Set out exactly every line of the entries below, starting at the line that holds "Gold Plated Stainless" and stopping after the line that holds "Set de Figura para Pintar Paw Patrol".

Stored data
____________________
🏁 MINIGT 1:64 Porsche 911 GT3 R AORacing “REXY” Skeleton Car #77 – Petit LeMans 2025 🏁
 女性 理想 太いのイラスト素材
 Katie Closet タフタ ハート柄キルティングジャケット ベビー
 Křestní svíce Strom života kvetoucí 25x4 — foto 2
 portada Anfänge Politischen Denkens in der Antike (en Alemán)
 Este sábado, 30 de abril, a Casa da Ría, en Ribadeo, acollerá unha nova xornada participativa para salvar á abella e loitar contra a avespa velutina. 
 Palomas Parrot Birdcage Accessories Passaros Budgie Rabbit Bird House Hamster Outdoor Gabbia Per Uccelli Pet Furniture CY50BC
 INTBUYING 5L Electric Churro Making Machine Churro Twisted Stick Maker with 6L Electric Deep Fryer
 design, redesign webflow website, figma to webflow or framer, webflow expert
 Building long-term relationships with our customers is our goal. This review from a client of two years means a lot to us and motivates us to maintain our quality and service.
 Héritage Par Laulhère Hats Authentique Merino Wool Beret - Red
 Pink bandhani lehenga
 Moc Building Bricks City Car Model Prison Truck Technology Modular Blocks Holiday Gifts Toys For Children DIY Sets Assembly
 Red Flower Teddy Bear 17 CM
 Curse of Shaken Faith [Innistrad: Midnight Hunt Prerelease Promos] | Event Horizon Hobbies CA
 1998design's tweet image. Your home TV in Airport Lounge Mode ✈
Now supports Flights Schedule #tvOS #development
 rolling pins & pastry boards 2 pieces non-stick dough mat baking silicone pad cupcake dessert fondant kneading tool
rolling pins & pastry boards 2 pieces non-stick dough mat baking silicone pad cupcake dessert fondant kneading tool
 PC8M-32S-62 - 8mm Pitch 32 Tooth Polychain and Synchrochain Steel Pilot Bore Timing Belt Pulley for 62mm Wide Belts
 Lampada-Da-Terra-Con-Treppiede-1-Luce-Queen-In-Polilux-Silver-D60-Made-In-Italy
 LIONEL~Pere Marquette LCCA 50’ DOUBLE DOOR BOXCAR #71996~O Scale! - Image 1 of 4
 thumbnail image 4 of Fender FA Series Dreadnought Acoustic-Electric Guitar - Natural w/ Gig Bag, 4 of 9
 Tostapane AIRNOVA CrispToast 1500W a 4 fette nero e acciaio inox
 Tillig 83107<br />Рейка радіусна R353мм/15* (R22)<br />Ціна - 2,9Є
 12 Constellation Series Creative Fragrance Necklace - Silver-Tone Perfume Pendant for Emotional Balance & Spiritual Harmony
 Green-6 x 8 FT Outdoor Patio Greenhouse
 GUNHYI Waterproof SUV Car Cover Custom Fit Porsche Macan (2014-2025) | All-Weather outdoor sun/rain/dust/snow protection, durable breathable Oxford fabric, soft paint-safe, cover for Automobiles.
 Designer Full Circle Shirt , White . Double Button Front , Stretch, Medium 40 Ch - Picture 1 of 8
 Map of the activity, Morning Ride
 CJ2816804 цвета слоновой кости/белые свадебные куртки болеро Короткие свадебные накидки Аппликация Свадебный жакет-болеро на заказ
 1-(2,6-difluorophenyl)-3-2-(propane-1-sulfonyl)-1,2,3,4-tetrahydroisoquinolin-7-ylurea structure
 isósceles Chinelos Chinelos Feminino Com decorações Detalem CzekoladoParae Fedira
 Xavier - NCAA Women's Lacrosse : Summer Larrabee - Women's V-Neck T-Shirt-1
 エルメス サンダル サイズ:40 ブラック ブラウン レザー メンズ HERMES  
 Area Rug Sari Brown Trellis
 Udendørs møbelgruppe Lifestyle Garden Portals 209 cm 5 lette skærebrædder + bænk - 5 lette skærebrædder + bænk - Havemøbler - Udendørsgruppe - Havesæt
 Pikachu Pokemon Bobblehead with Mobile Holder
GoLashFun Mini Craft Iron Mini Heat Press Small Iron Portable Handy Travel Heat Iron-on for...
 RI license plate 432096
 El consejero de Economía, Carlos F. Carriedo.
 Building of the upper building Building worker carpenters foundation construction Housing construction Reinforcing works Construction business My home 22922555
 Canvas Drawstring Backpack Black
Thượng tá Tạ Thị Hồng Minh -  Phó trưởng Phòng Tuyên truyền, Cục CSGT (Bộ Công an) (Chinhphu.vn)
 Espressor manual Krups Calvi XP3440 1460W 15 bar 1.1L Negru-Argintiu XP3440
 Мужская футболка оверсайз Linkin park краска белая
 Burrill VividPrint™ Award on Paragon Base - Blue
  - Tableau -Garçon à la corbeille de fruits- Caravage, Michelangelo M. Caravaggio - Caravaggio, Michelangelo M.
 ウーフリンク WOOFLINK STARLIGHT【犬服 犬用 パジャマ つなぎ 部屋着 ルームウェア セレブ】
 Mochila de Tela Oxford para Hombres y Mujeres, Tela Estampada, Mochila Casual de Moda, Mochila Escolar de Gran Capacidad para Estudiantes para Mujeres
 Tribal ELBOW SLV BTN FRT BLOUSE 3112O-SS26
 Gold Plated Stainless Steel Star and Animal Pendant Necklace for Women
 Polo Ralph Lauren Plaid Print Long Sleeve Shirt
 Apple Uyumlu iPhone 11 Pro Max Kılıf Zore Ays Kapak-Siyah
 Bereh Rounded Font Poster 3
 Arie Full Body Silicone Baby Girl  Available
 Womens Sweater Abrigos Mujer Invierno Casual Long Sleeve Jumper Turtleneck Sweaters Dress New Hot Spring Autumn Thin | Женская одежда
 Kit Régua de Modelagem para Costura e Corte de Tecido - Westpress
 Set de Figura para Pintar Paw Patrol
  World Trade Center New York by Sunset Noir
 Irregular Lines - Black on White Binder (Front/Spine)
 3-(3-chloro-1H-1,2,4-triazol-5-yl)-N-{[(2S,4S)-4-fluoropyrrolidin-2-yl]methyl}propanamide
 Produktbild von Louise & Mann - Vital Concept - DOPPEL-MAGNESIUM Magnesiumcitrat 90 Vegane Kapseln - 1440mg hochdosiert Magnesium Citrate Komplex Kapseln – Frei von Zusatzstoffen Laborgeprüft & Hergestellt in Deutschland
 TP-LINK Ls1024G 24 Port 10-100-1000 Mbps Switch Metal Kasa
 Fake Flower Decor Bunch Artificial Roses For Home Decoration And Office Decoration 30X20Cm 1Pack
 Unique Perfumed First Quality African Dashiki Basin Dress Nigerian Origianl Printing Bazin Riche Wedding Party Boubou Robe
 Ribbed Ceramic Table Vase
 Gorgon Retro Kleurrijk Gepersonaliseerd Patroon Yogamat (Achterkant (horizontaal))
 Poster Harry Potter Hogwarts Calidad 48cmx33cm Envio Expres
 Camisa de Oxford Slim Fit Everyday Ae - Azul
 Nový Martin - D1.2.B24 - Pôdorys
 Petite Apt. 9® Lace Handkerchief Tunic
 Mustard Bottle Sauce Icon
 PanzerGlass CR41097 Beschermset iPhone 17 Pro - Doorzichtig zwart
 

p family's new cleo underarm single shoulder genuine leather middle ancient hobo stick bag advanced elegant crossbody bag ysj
____________________
(RESULT OF THE EXERCISE):
 Gold Plated Stainless Steel Star and Animal Pendant Necklace for Women
 Polo Ralph Lauren Plaid Print Long Sleeve Shirt
 Apple Uyumlu iPhone 11 Pro Max Kılıf Zore Ays Kapak-Siyah
 Bereh Rounded Font Poster 3
 Arie Full Body Silicone Baby Girl  Available
 Womens Sweater Abrigos Mujer Invierno Casual Long Sleeve Jumper Turtleneck Sweaters Dress New Hot Spring Autumn Thin | Женская одежда
 Kit Régua de Modelagem para Costura e Corte de Tecido - Westpress
 Set de Figura para Pintar Paw Patrol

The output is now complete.